Determine whether $f(x)=7 x^{2}+14 x-9$ has a minimum or maximum value. Find the value of the minimum or maximum. Find the axis of symmetry.
$f(x)$ has a :
minimum
maximum
The value of the minimum or maximum is: $\square$ help (numbers)
The axis of symmetry for $f(x)$ is given by $x=\square$ help (numbers)
Answer
Final Answer: The function $f(x)=7 x^{2}+14 x-9$ has a minimum value. The value of the minimum is \(\boxed{-16}\). The axis of symmetry for $f(x)$ is given by $x=\boxed{-1}$.
Step 1 :The function $f(x)=7 x^{2}+14 x-9$ is a quadratic function. The general form of a quadratic function is $f(x)=ax^{2}+bx+c$. If the coefficient $a$ is positive, the function has a minimum value. If the coefficient $a$ is negative, the function has a maximum value. In this case, the coefficient $a$ is 7, which is positive. Therefore, the function has a minimum value.
Step 2 :The value of the minimum or maximum of a quadratic function $f(x)=ax^{2}+bx+c$ is given by $f(-\frac{b}{2a})$. So, we can substitute $-\frac{b}{2a}$ into the function to find the minimum value.
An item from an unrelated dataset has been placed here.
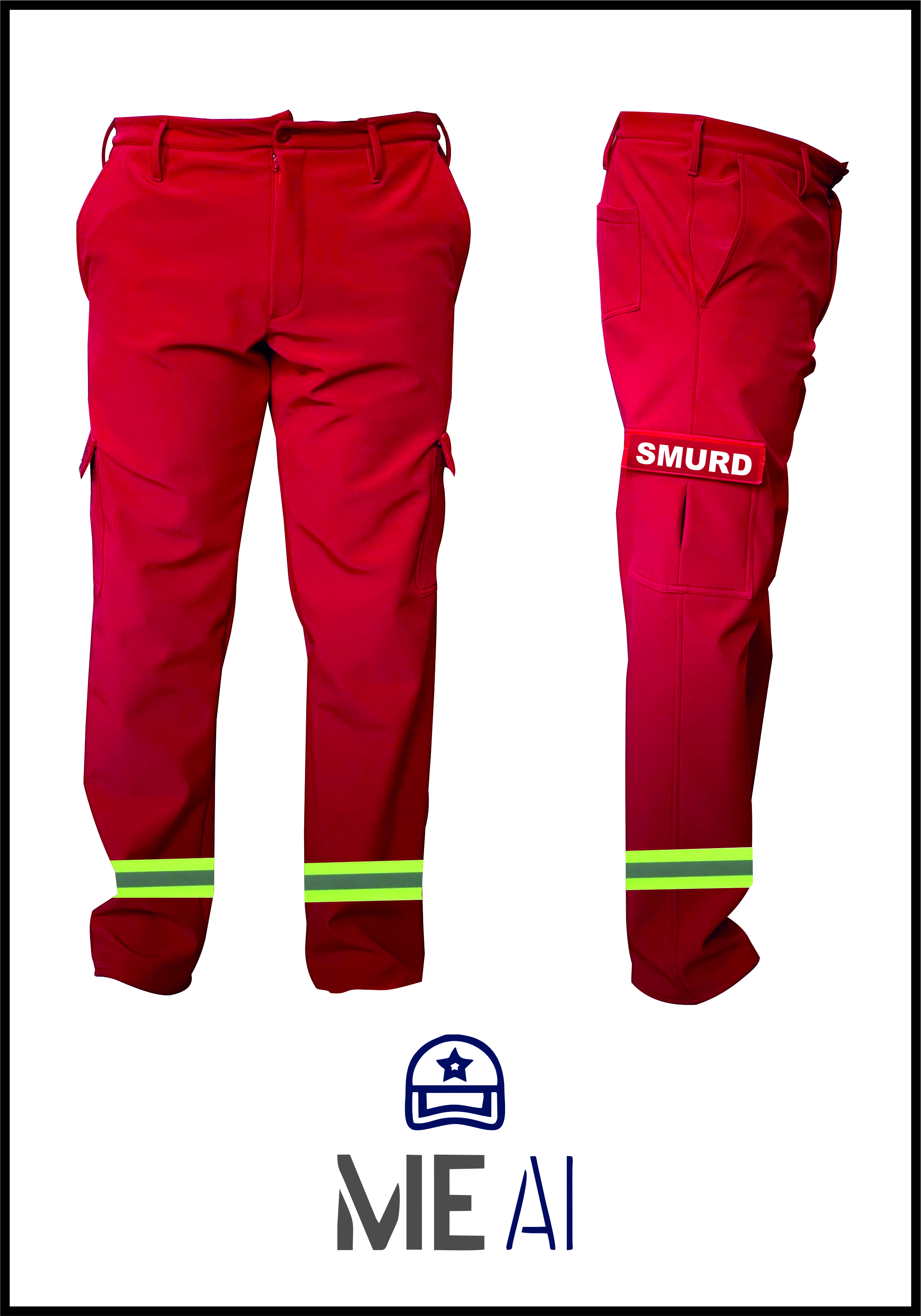 Pantaloni Softshell Iarna - Smurd Pantaloni Softshell Iarna - Smurd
Step 3 :The axis of symmetry of a quadratic function $f(x)=ax^{2}+bx+c$ is given by $x=-\frac{b}{2a}$. So, we can calculate $-\frac{b}{2a}$ to find the axis of symmetry.
Step 4 :Substituting $-\frac{b}{2a}$ into the function, we find that the minimum value is -16.
Step 5 :Calculating $-\frac{b}{2a}$, we find that the axis of symmetry is -1.
Step 6 :Final Answer: The function $f(x)=7 x^{2}+14 x-9$ has a minimum value. The value of the minimum is \(\boxed{-16}\). The axis of symmetry for $f(x)$ is given by $x=\boxed{-1}$.